Belki de hatırlarsın arefe günü sabahı “Kalk yavrum bugün Kurban Bayramı arefesidir, namazın farzını kıldıktan sonra “teşrik tekbirleri”ni getirmeyi unutma” sözünü. Sormana fırsat vermeden bir öğretmen edasıyla dökülür dilinden “Allahü ekber, Allahü ekber Lâ ilahe illallahu vallahu ekber. Allahü ekber ve lillâhilhamd”. Bu tekbirleri arefe günü sabah namazından başlayıp bayram günlerinde yirmi üç vakit farz namazdan sonra getirmek vaciptir” der, o mübarek söz.
Arefe günü tutar elinden, götürür seni bu dünyayı bitirip ahiret yurduna göçmüş olan yakınlarını ziyarete. Yaşın kemale erdiyse “beni götür mezarlığa da “bir Fatiha okuyayım anama – babama” ya da yakınlarıma” der. Bayram gecesini ve günlerini seninle geçirmek ister. Ne olur bakıtma kapılara o mübarekleri.

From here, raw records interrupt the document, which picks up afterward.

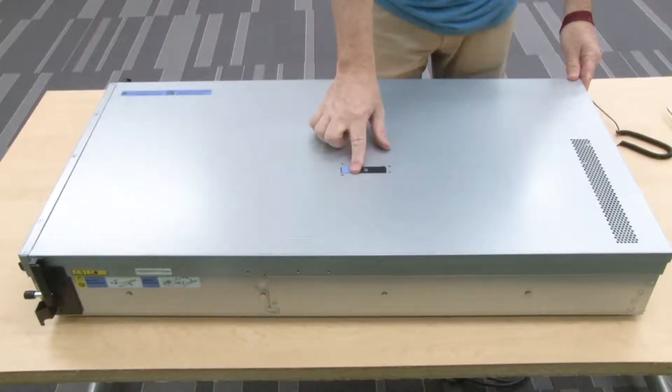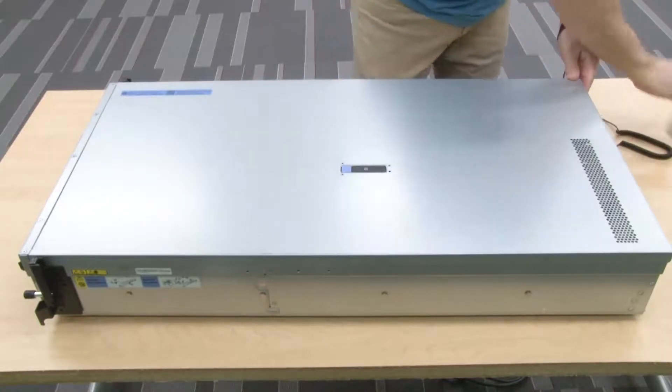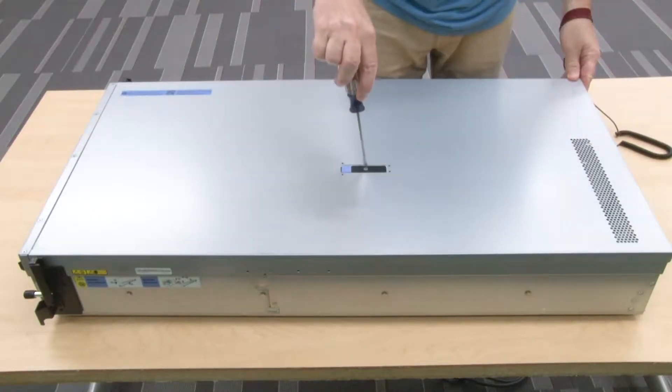Press the cover latch down and ensure that it is completely closed. Use a screwdriver to turn the cover lock to the locked position.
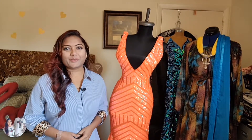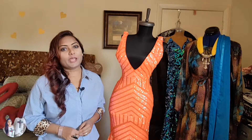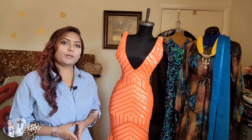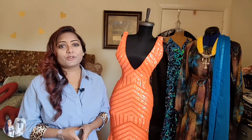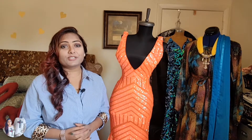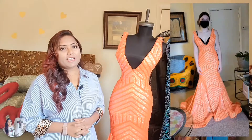Hey beauties, welcome back to my channel Cyrus Creations. I trust you all are great today. I'm here with another sewing project. As we know, prom season has already started, so I decided to bring in another prom dress alteration. I have done this project so many times on wedding, prom, and party dresses, but this time I decided to share this easy, quick tutorial on my YouTube channel to help my subscribers.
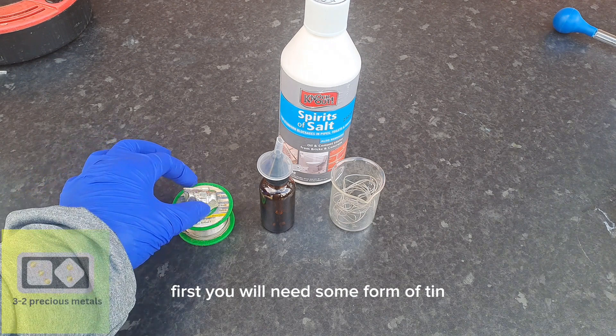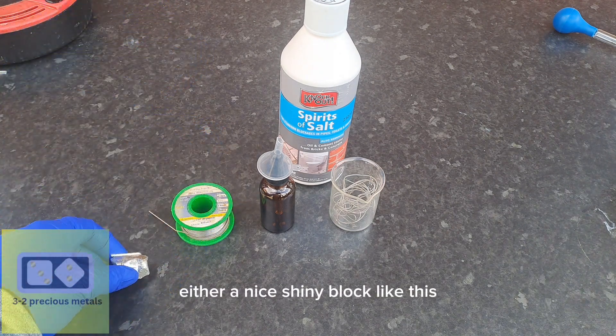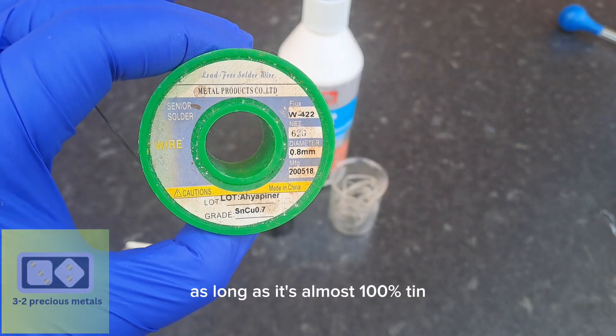First, you will need some form of tin — either a nice shiny block like this, or alternatively you can use a tin solder like this one, as long as it's almost 100% tin.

Yarın çok geç olabilir. Telefon ediyorum, açan yok. Bağırıp çağırıyorum, feryadımı duyan yok. Kapıyı açsam öpecek el yok. Bana bayramı anlatacak dil yok. Eşimiz, kardeşimiz, dostumuz çok olabilir, ama onlar yok. Sanki bir hazan yeli esti ki savrulup gittik birer tarafa. Toplanacak yer, sığınacak kol, kanat yok.
Büyüdüğünüzü sanmayın, onların yanında çocuksunuz daha, çocuklarınız, torunlarınız bile olsa. Makam mevkiiniz ne olursa olsun gidin yanlarına, yalnız bırakmayın. Ahizenin karşısında gözyaşları akmasın onların.

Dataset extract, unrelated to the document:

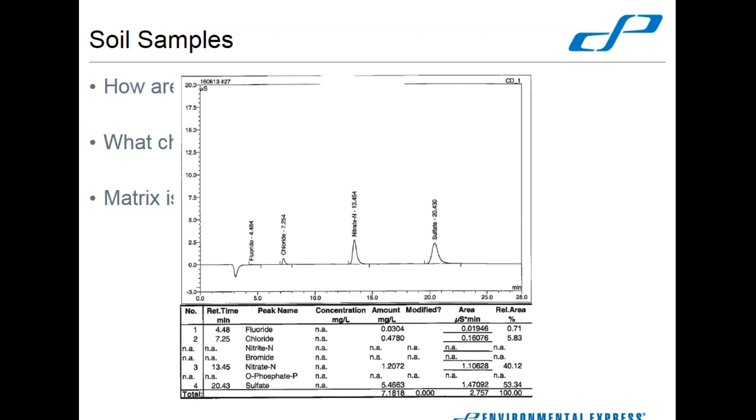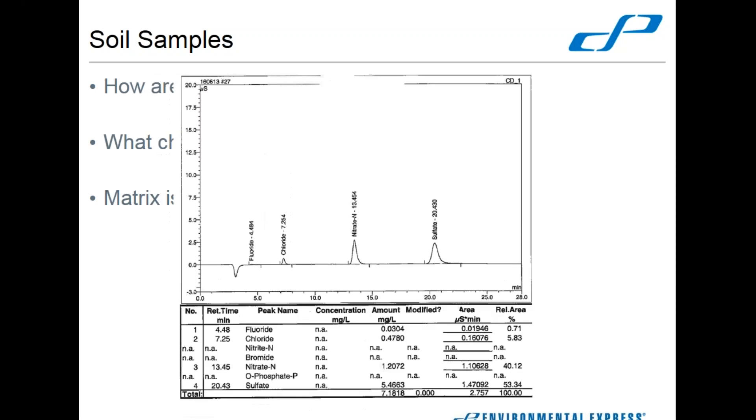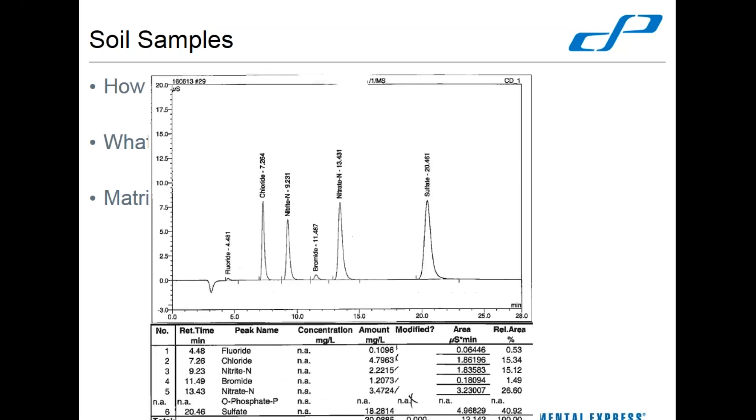When you spike soil, you do it prior to extraction. A lot of things in soils like to eat orthophosphate and bromide. Here's our raw sample — and this is our spike. We've got three distinct peaks plus fluoride — four named peaks: fluoride, chloride, nitrate, and sulfate. And see that fluoride? It's only 0.1, and I can guarantee you that was supposed to be a 2.5 spike. So we've essentially lost all of our fluoride. And orthophosphate — you don't even have a peak for orthophosphate. It's just gone.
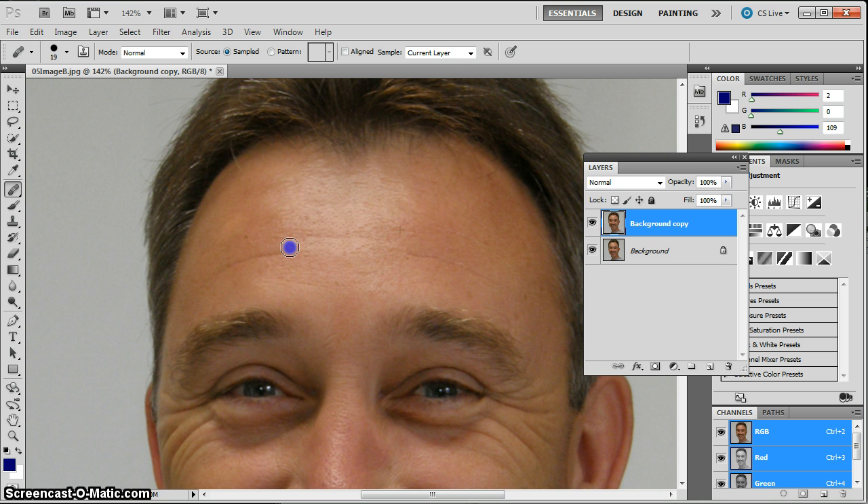I'm going to do one swipe across the highlight, another swipe across the shadow on either side, and probably two passes for this slightly longer one. And that is the healing brush tool.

Bayramınızı tatil, tatilinizi de bayram yapma sanmayın. Işıltılı salonlar, parıltılı eğlence yerleri çok yıldızlı tatil yörelerinde mutlu olduğunuzu sanmayın. İçinizdeki fırtınayı dinleyin. Eğlenmek hakkınız ama bu bayramlarda değil. Bekleyenleriniz var. Dünyanın en iyi bakıcıları da olsa sizin yerinizi tutmaz. Kıymetinizi bilin. Maddi anlamda sizden bir şey beklemezler, yeter ki siz olun yanlarında.

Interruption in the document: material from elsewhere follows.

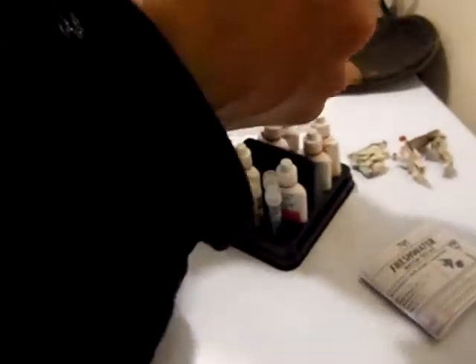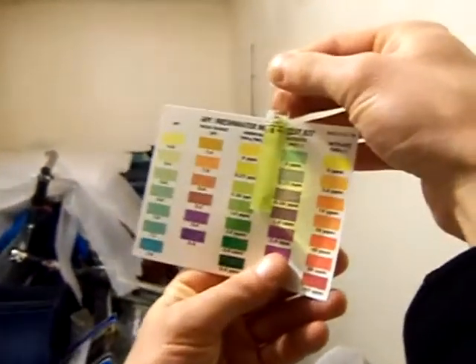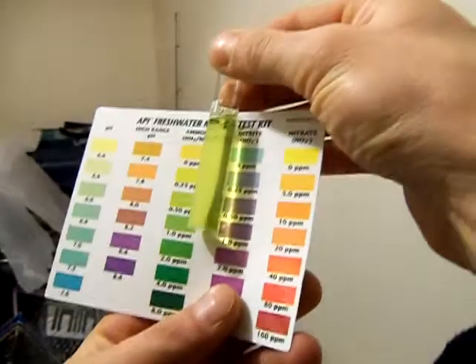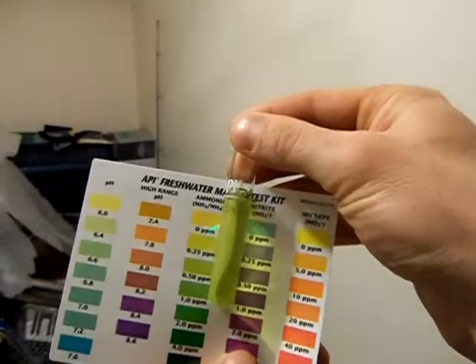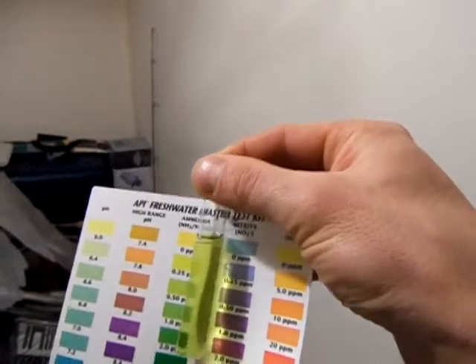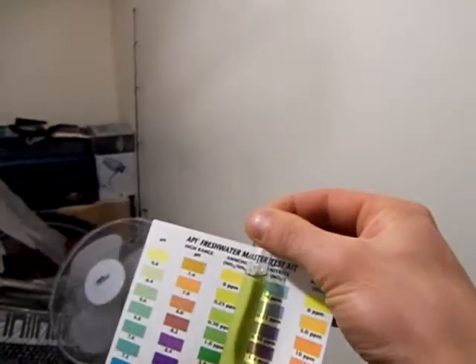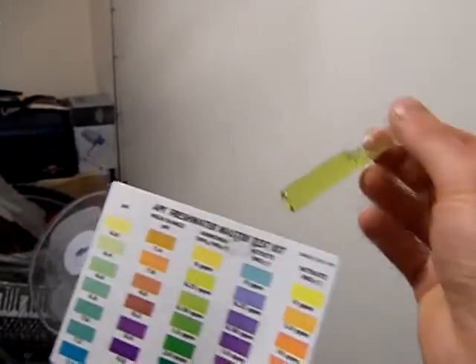So this one will be ammonia. About 0.25 parts per million — maybe 0.25, I think. Okay, so we were at 0.75 for the city water. So overnight it's come down, which is pretty good.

Kurbanını ve kurbanınızı kendiniz kesin, kesilirken yanında bulunuverin. Bayramın her anı ibadettir. Misafiri ağırlamak, misafirliğe gitmek, sılairahim yapmak dinimizin emirlerindendir. En yenisi giyilmiştir elbiselerin, ayakkabıların. Bayram sabahı, namazı kılıp bayramlaşmak, “Gaferellahu lena leküm” (Allah bizi ve sizi bağışlasın) nidaları, uhrevi âlemlere alıp götürür insanı. Işıl ışıl gözler birbirinin içine bakar o gün.
Gurbettekiler akar akın akın doğup büyüdükleri, göçüp gittikleri yerlere. Yol uzundur, yol arkadaşı varsa yanında bir de sıla türküsü, ya da ilahisi koydun mu arabaya… Aman haa! dikkat edin bayram yolculuğuna, kuralları ihmal etmeyin. Bayramınız zindan olmasın. “Geç geldi” desinler, ama “hiç gelmedi” demesinler.
Bayramlar barışma günleridir. Dünyalıklarınızı, gelip geçici olanları elinizin tersiyle itin bir tarafa, sarılın birbirinize. Daha kaç bayram geçireceğiz ki bu dünyada, aha geldik aha gidiyoruz. Toprağın altında, nice zenginler, güzeller, gençler, çocuklar yatmakta. Geçen bayramda aramızda olup da şimdi üzerinde çimenler, otlar biten hatta unutulup giden nice insanlar yatmakta. Geleceğimizin hesabını değil, geçmişimizin hesabını vereceğiz.
Kısaca; başta anne- babamız varsa onlardan başlamak üzere en yakınlarımızı, uzak ve yakın akrabalarımızı, komşularımızı, dostlarımızı, ahirete göçmüş olanlarımızı unutmayalım. Tatil yerlerine bir başka zamanda gidelim. Biz ne yaparsak onu görürüz. İleride bizim başımıza yaptıklarımız gelir. Benim gibi gidip ziyaret edemeyecekseniz, iletişim araçları ile olanların hal hatırını sorun, onları mutlu edin, dualarını alın. Bayramlar, duaların kabul olduğu günlerdir
Bayramınızı tebrik eder, sevdiklerinizle beraber sağlık, mutluluk içinde geçirmenizi dilerim.